I "SUCCESSI" DELL'INTIFADA


da un articolo di Evelyn Gordon

    Per cosa combattono veramente i palestinesi? Chiunque voglia rispondere onestamente a questa domanda deve analizzare l'elenco dei "successi" dell'intifada fornito da vari esponenti palestinesi in occasione del secondo anniversario del suo inizio, alla fine di settembre.
    Per esempio il dottor Ali Sha'ath, figlio del ministro dell'Autorita' Palestinese Nabil Sha'ath, durante un convegno ad Abu Dabi ha dichiarato che l'intifada puo' vantare tre principali risultati: ha minato la sicurezza d'Israele, ha indebolito l'economia d'Israele e ha indotto degli ebrei a lasciare il paese. Un esponente palestinese anonimo intervistato da Ze'ev Schiff per Ha'aretz ha fornito un analogo elenco di obiettivi raggiunti. Primo, ha detto, i palestinesi sono diventati piu' bravi nell'uccidere israeliani: rispetto ai primi giorni dell'intifada, il rapporto tra vittime dell'una e dell'altra parte e' migliorato a vantaggio dei palestinesi.

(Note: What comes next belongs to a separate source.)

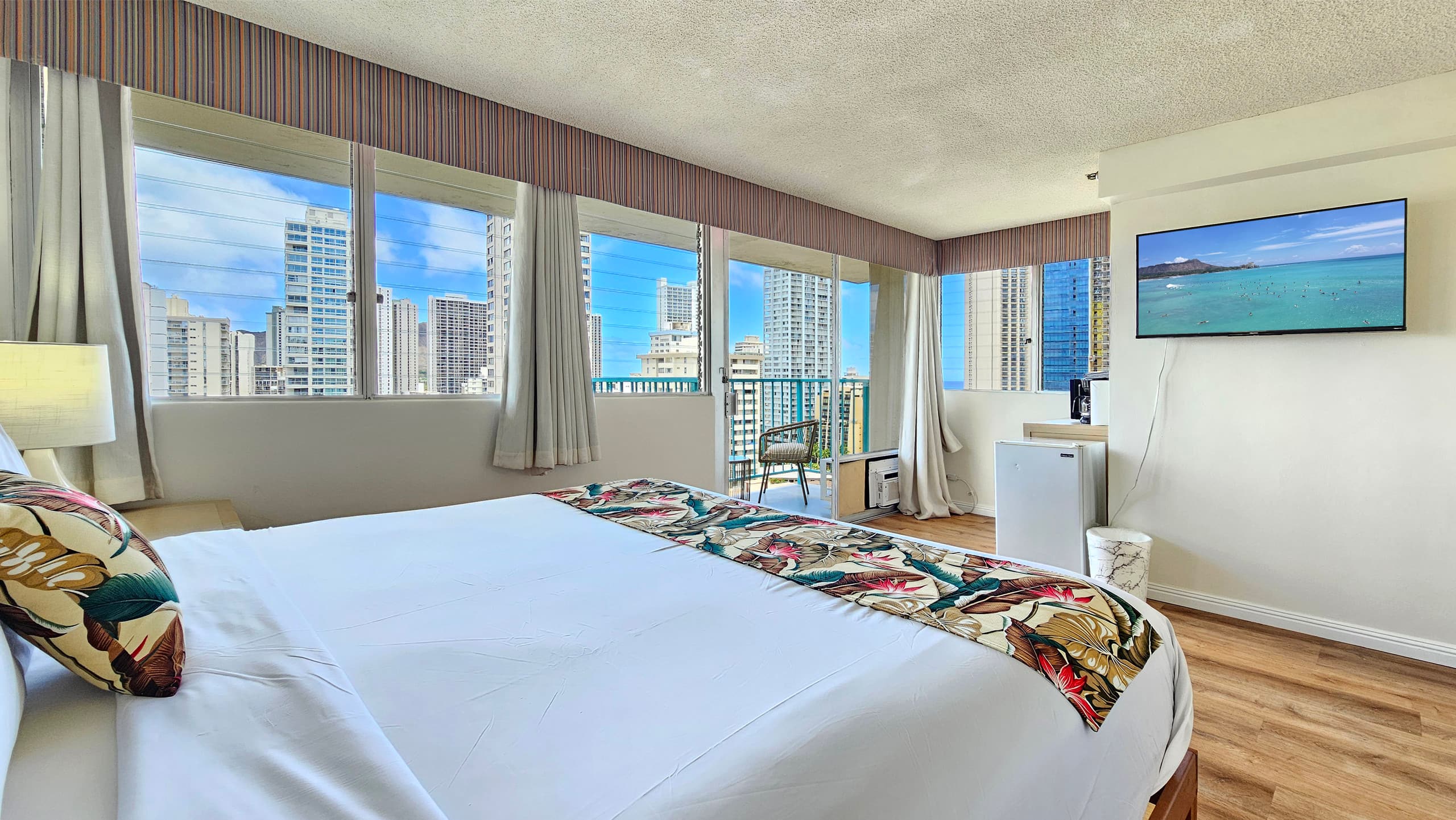 Comfortable King Bed Studio w/ Partial Ocean-View - Image 1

Secondo, l'immagine di Israele di fronte all'opinione pubblica internazionale e' precipitata.
    Cio' che e' interessante notare in questi e altri simili elenchi di "successi" e' che si tratta piu' di perdite israeliane che di vantaggi per i palestinesi. Chi fa questi elenchi, ad esempio, non afferma che l'intifada ha avvicinato in qualche modo l'obiettivo dichiarato di uno stato palestinese indipendente, cosa che d'altra parte, in tutta onesta', sarebbe molto difficile sostenere. Due anni fa, Israele e gli Stati Uniti insieme avevano proposto uno stato palestinese su tutta la striscia di Gaza e sul 97% della Cisgiordania, compresa Gerusalemme est e il Monte del Tempio. Oggi Israele si rifiuta del tutto di negoziare con questa Autorita' Palestinese e la sola superpotenza del mondo e' sulla stessa linea.
    Ne' sarebbe possibile sostenere che l'intifada ha migliorato le condizioni di vita dei palestinesi. Nei due anni trascorsi, il prodotto interno lordo palestinese e' crollato di piu' della meta', la disoccupazione tocca il 50% e il ritorno delle Forze di Difesa israeliane dentro le citta' palestinesi da cui si erano ritirate sette anni fa ha comportato un fardello di posti di blocco e coprifuoco come non si era mai visto nei 28 anni di amministrazione israeliana precedenti la nascita dell'Autorita' Palestinese.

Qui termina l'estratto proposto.